(Items from a data source)

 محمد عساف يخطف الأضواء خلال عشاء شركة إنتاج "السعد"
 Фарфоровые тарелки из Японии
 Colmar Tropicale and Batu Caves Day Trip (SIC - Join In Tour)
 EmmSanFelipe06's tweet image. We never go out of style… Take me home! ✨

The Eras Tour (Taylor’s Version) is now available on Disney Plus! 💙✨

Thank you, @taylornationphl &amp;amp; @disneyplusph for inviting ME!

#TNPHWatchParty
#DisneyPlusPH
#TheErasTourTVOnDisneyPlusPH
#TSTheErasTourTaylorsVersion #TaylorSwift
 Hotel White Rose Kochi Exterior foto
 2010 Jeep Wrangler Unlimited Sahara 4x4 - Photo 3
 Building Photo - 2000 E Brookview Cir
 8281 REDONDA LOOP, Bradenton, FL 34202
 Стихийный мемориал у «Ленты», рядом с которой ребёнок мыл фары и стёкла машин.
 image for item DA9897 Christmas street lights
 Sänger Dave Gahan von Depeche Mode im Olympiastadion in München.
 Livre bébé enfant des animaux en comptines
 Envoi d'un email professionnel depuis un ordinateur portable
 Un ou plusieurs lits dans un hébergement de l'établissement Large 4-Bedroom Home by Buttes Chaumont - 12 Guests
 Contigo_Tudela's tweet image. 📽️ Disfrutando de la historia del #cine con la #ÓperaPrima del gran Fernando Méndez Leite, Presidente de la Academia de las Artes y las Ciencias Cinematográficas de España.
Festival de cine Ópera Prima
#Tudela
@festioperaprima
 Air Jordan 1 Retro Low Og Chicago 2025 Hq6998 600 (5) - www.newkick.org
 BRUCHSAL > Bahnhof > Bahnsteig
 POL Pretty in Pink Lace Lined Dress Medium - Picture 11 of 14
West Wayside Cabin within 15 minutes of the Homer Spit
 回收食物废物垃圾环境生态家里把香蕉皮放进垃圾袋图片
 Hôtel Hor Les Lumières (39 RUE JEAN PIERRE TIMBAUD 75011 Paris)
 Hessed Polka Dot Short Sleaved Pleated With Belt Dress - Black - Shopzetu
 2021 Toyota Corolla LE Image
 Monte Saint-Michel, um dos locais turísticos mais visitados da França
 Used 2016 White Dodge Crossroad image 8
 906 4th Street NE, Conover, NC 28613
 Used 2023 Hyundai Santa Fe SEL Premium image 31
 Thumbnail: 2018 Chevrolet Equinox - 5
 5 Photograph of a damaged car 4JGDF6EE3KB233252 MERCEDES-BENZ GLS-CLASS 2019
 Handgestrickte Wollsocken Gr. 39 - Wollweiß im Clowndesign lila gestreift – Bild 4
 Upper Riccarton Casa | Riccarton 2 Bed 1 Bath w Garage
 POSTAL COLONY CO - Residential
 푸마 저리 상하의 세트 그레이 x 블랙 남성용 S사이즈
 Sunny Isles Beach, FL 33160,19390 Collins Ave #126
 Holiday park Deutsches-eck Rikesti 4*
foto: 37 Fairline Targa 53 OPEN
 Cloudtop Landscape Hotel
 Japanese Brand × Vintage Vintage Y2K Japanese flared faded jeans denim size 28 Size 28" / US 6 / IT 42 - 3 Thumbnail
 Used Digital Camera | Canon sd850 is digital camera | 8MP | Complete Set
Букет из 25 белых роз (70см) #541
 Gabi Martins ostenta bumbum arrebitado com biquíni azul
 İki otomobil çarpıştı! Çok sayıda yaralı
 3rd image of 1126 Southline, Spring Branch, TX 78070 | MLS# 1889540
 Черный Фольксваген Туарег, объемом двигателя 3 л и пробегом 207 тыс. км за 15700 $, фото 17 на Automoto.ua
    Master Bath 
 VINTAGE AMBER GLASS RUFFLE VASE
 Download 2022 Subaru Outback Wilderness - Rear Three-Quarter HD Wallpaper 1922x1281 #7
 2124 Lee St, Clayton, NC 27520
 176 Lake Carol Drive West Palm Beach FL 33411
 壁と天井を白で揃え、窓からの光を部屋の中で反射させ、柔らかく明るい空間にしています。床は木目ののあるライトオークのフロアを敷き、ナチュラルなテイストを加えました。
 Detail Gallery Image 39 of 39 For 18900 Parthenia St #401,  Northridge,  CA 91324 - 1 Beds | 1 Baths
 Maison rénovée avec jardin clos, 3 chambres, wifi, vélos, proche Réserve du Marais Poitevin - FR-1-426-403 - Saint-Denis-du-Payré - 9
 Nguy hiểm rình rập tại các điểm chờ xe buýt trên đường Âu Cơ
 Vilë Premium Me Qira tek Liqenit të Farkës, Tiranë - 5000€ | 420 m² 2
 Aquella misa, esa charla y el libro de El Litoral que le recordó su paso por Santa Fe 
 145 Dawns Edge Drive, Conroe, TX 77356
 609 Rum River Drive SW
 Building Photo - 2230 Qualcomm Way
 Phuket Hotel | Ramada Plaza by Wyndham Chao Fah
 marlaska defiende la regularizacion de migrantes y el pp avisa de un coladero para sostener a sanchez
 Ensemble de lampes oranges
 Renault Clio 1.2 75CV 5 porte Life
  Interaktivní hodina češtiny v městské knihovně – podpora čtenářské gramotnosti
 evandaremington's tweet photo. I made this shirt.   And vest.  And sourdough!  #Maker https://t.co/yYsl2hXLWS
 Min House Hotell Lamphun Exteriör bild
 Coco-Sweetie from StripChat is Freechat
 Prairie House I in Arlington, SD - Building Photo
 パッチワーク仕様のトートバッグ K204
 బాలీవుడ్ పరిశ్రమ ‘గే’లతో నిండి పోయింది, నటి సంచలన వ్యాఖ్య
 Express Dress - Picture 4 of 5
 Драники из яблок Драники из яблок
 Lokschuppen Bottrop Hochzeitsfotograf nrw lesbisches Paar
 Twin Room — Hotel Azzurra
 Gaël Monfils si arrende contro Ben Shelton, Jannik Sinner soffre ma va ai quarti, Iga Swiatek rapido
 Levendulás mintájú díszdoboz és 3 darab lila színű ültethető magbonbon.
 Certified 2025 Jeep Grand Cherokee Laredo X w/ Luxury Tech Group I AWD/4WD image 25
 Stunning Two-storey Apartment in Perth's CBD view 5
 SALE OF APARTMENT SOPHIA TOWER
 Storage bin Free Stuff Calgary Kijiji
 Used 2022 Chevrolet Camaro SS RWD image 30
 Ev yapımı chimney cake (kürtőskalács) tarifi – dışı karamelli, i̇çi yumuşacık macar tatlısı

Activity: The lines to copy are those above that contain "Drive".

Output for this task:
 176 Lake Carol Drive West Palm Beach FL 33411
 145 Dawns Edge Drive, Conroe, TX 77356
 609 Rum River Drive SW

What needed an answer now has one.